(Extracted entries begins)
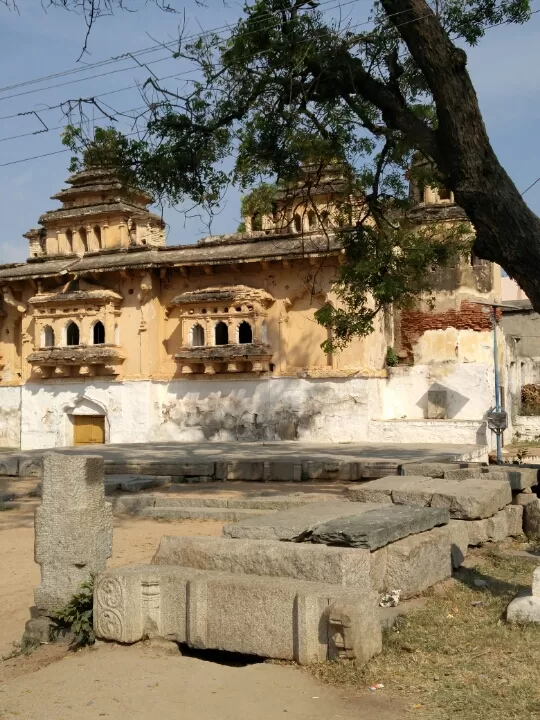 Photo of Hampi, Karnataka, India by mouli ganesh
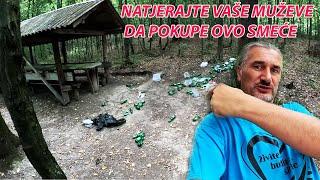 DRAGE ŽENE OVDJE VAŠI MUŽEVI DOLAZE DA PIJU PIVE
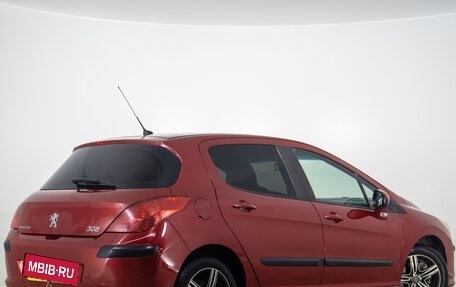 Peugeot 308 II, 2010 год, 569 000 рублей, 5 фотография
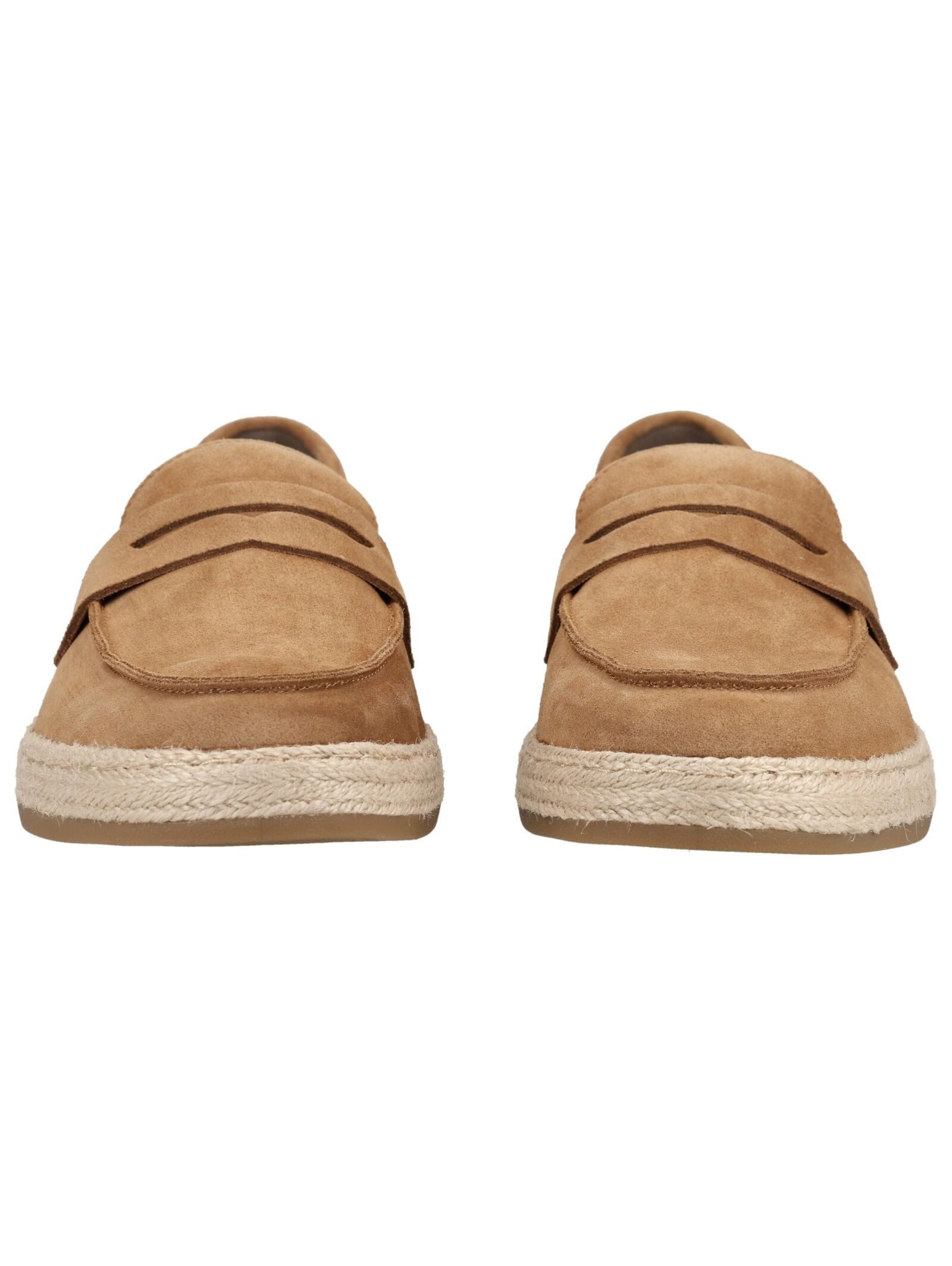 Geox Geox Slipper Leder Slipper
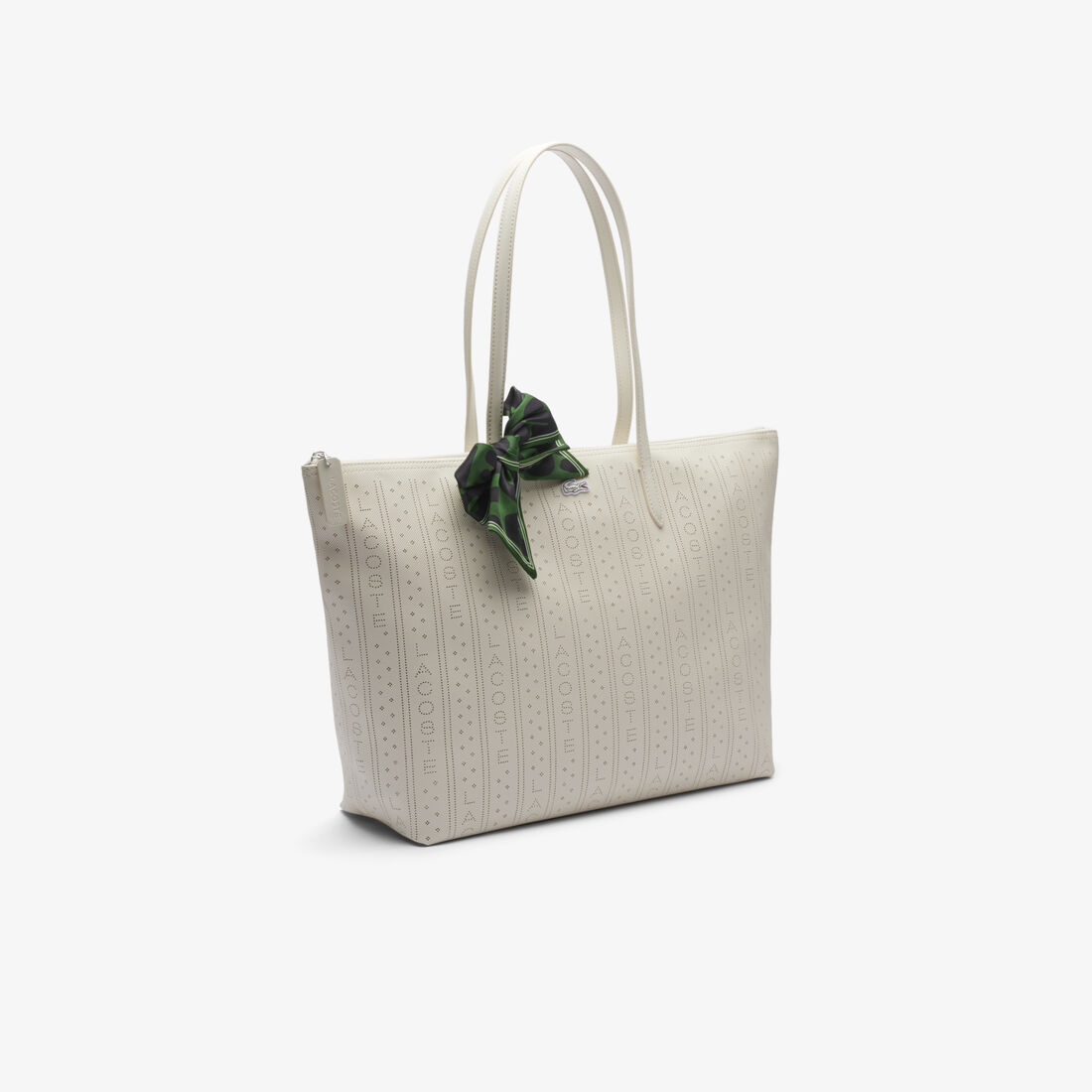Large L.12.12 Concept Perforated Tote Large L.12.12 Concept Perforated Tote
(Extracted entries ends)
__Task directions__: Only the lines from the one containing "DRAGE ŽENE OVDJE" through the last line of the entries, both included, should be repeated exactly, and the pictures should be left out.

__Written answer__:
 DRAGE ŽENE OVDJE VAŠI MUŽEVI DOLAZE DA PIJU PIVE
 Peugeot 308 II, 2010 год, 569 000 рублей, 5 фотография
 Geox Geox Slipper Leder Slipper
Large L.12.12 Concept Perforated Tote Large L.12.12 Concept Perforated Tote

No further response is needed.